Detecting deepfakes: what the evidence really shows

Yes, deepfakes can be detected. But the honest version of that answer comes with conditions. There is no single tell-tale sign, and unaided human eyes are barely better than guessing. How reliably a fake gets caught depends on two things: who is doing the judging, and whether the media is audio, an image, or video. The rest of this piece puts measured numbers on each of those, drawn from a peer-reviewed meta-analysis and a University of Florida study.

The short answer: yes, but not reliably by eye

A confident eyeball check is the wrong tool. High-end deepfakes are almost always facial transformations, so the face is where manual inspection starts, but no lone artifact confirms a fake on its own. The MIT Media Lab Detect Fakes project frames it plainly: you have to check multiple subtle clues together, because any one of them can be absent in a good fake and present in a real clip.

So detection is possible. What shifts is its reliability, and that hinges on the judge and the medium. A trained forensic pipeline reads a still image very differently from how a person skims a talking-head video. Keep that split in mind. It explains almost every surprising number that follows.

What the research actually measured: human detection accuracy

When researchers pooled the literature, the picture got uncomfortable. A systematic review and meta-analysis on ScienceDirect combined 56 papers covering 86,155 participants and found overall human detection accuracy of 55.54%. The 95% confidence interval ran from 48.87% to 62.10%. Because that range dips below 50%, the result is not statistically above chance. People, on average, are guessing with a slight edge.

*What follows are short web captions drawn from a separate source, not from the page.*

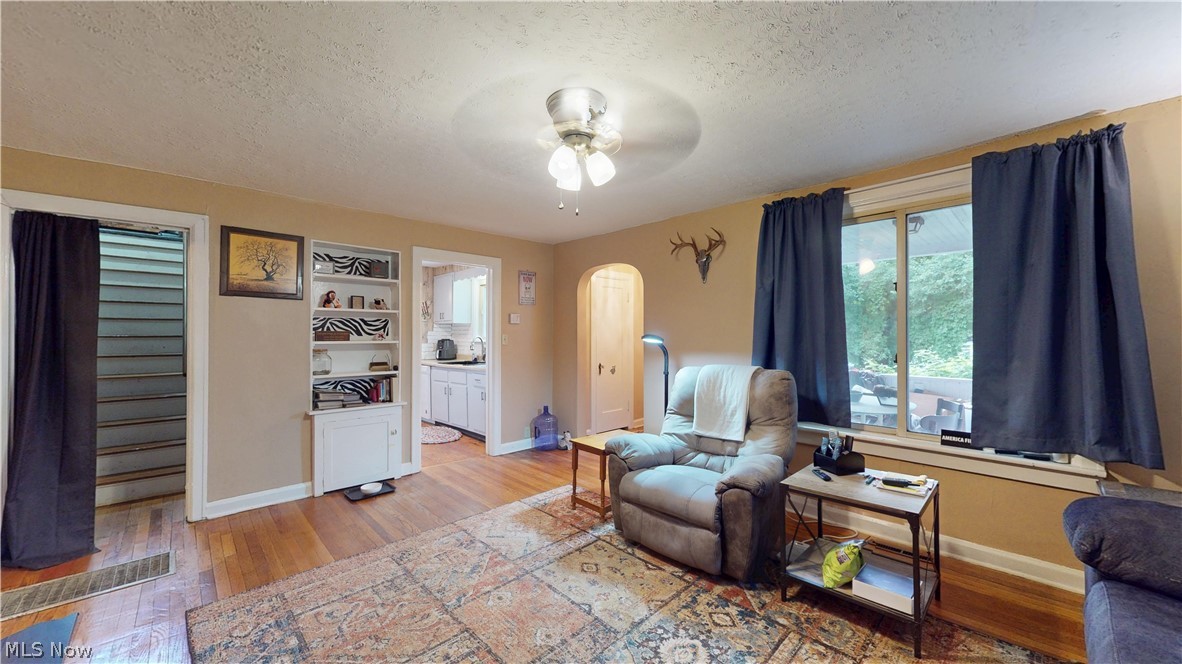 956 Braun Road Belpre, OH 45714 - Photo 13 of 44 LARGE LIVING ROOM W BUILT-IN BOOKSHELVES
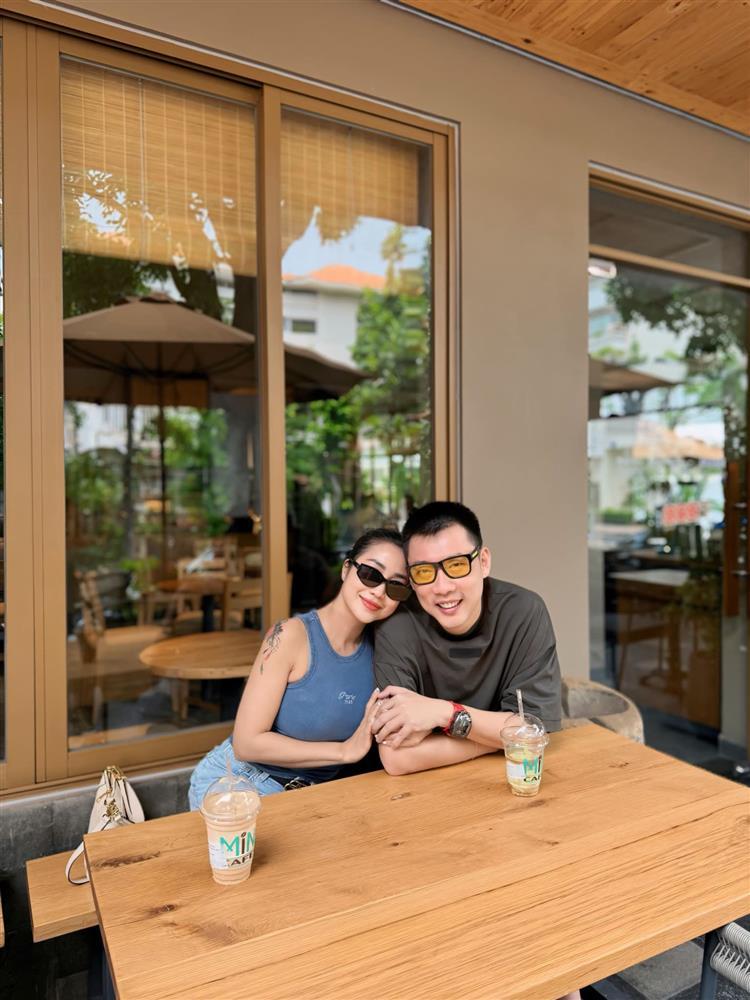 Về Việt Nam, Ốc Thanh Vân và ông xã dính như sam, phá tan tin đồn rạn nứt, sắp ly hôn chỉ bằng 6 chữ này!-4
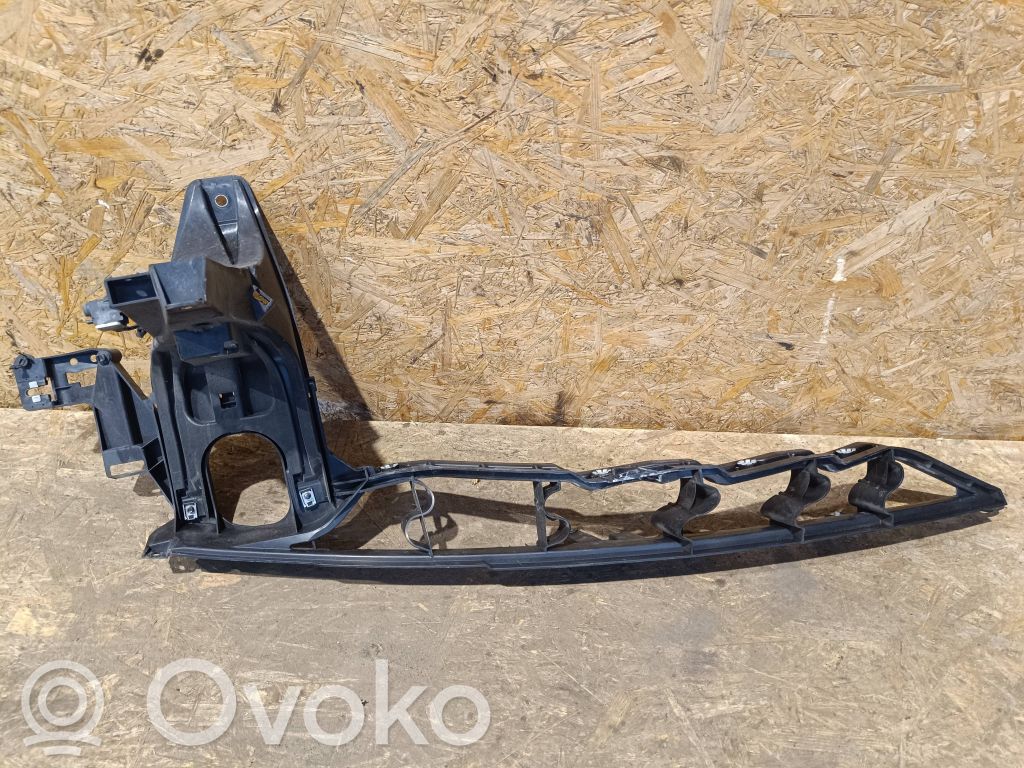 BMW X5 E70 Galinis laikiklis bamperio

Worse, the errors lean in one direction. People are biased toward judging a deepfake as authentic, and they overestimate how good they are at spotting fakes. A separate pre-registered experiment found participants could not reliably detect deepfakes yet believed they could, and neither awareness nor cash incentives moved the needle. Confidence and accuracy, it turns out, are nearly unrelated here.

A confident office worker leans toward a laptop screen showing two near-identical portrait video frames of the same man, pointing at the left one as if certain it is real. The setting is a tidy desk by a window. A faint translucent overlay reads "55.54%" in a clean white sans-serif numeral across the lower third. Soft cool daylight from the left rakes across the screen glow, throwing a gentle shadow under the pointing hand. The mood is quietly ironic, the gap between certainty and accuracy made visible.

Why detection rates differ by modality (audio vs image vs video)

Detectability is not one figure. The same meta-analysis broke human accuracy down by medium, and the spread is meaningful: audio came in highest at 62.08%, video sat at 57.31%, and still images landed lowest at 53.16%. Read that last number again. On photos, people are essentially flipping a coin.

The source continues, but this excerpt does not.